Personal Statement

My Ice Breaker speach at Toastmasters. Or just me in seven minutes. In Polish.

It was somewhere five o’clock in the morning. Outside the window, the rising sun. For most, this might be the time to get out of bed. For me, it was just an indication to maybe stop working and go to sleep.

I set my alarm for 5h of sleep, not because I didn’t want to sleep more, but because Arnold Schwarzenegger once said “if you don’t have time, sleep faster”. Silly, but I needed such words at the time.

So I slept faster, got up, ate breakfast, and drove to my university, not to learn anything, but to have attendance—just like the average student does. After classes, I get home as quickly as possible and go back to work.

The goal was to solve a problem of a certain niche. The niche of which I was a part. We were e-cigarette smokers, but not just casual smokers, we were ‘vapers’, true nerds like computer hackers, creating our own devices, e-liquids, and coils; we were closer to art than craft, or at least felt so.

Building a coil could take many hours. Experienced vapers intuitively knew what material to use, what kind of wire to use, and what is the optimal diameter and number of wraps. The beginners however had to rely on luck, which often resulted in frustration and wasted materials.

I started to wonder if it’s possible to calculate a perfect coil if there exists a formula modelling performance of a coil.

I opened the documentation of resistance wires and immediately got overwhelmed by the number of formulas and unknown units. I was 19, just finished high school, and reading them was like looking at hieroglyphics. But I didn’t give up, I knew that everything can be understood it is just a matter of time. I had a challenge and I felt that solving it was within my reach. I started writing everything down, translating it into Layman’s terms. But still, it was too much for me. I asked professors at my university for help, and they were happy to assist because finally a passionate student came up with an interesting problem, not asking whether points from a project sum up with the points from an exam

Within one year, we designed a model and an algorithm for a great coil. I wanted to share it with other people; therefore, I learned programming and created Android and iOS apps. It was the most exciting period of my life. I had one vision, one goal, and perfect conditions for achieving it. Everything else: my studies, girlfriend, friends, and even eating were obstacles. Soon after the app has been released I received positive reviews. I decided to create paid version and after the first month earned 150$ — not bad for an app which I created while learning programming. Next month, 300$, then 500$, then 1000$, $5k, $10k. I knew that my life would never be the same again.

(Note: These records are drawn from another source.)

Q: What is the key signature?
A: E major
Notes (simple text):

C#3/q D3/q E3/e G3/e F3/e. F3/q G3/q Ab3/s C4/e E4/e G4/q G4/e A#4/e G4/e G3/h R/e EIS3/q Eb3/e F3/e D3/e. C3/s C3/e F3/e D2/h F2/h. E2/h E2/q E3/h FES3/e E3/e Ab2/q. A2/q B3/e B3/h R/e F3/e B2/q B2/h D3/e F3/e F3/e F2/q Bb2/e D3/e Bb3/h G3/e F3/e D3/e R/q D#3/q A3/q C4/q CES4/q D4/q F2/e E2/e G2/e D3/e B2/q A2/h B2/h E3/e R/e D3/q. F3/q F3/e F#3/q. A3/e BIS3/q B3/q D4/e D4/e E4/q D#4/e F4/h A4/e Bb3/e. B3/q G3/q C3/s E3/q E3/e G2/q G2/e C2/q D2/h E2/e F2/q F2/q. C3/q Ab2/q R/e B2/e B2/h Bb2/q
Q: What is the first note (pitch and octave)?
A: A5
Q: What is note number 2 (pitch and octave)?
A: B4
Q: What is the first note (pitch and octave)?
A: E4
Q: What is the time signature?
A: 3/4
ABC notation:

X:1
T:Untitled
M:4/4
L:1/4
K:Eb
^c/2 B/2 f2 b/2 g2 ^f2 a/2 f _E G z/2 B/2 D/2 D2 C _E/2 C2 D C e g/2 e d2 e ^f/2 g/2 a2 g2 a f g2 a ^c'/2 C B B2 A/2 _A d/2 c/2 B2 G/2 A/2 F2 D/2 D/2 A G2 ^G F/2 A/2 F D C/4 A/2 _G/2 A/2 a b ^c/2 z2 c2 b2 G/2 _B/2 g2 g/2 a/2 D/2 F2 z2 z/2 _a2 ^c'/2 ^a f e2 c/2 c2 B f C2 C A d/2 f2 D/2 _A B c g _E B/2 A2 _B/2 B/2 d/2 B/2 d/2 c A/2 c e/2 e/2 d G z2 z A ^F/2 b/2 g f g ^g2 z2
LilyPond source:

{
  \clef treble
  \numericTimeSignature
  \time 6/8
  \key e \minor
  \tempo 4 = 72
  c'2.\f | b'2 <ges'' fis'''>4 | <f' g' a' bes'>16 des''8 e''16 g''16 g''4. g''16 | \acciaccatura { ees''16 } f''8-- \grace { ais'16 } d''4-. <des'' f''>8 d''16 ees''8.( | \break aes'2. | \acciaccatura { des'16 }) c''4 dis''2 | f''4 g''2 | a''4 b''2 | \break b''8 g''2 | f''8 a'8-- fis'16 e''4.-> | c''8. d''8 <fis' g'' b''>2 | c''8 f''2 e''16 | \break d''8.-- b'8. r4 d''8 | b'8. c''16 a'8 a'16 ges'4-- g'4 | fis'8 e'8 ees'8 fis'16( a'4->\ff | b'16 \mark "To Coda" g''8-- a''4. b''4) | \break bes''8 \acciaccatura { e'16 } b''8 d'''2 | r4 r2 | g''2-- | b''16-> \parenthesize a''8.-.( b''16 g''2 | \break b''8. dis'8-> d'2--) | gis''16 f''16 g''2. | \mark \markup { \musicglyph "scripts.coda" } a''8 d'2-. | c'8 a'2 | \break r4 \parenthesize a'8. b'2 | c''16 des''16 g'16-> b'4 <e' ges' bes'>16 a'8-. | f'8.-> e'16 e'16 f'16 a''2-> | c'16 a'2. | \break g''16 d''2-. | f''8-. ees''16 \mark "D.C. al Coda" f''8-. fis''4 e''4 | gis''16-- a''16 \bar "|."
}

I was only 20 years old and already felt like I had won the game. The game I had been playing since I was a child. I had always wanted to be financially independent I finally made it.

And guess what, that turned out to be my biggest problem.

Because what happens when we win the game?

Ok, we feel a momentary satisfaction. But, we stop playing the game. There’s no point in playing the game if we know how it’s going to end. Only unsatisfied needs motivate us.

Over the next couple of years, I started to wander a bit. I was in a paradoxical state where, on one hand, I had a huge sense of self-worth, and on the other, I doubted the meaning of life. I started to question whether that motivation would ever come back again.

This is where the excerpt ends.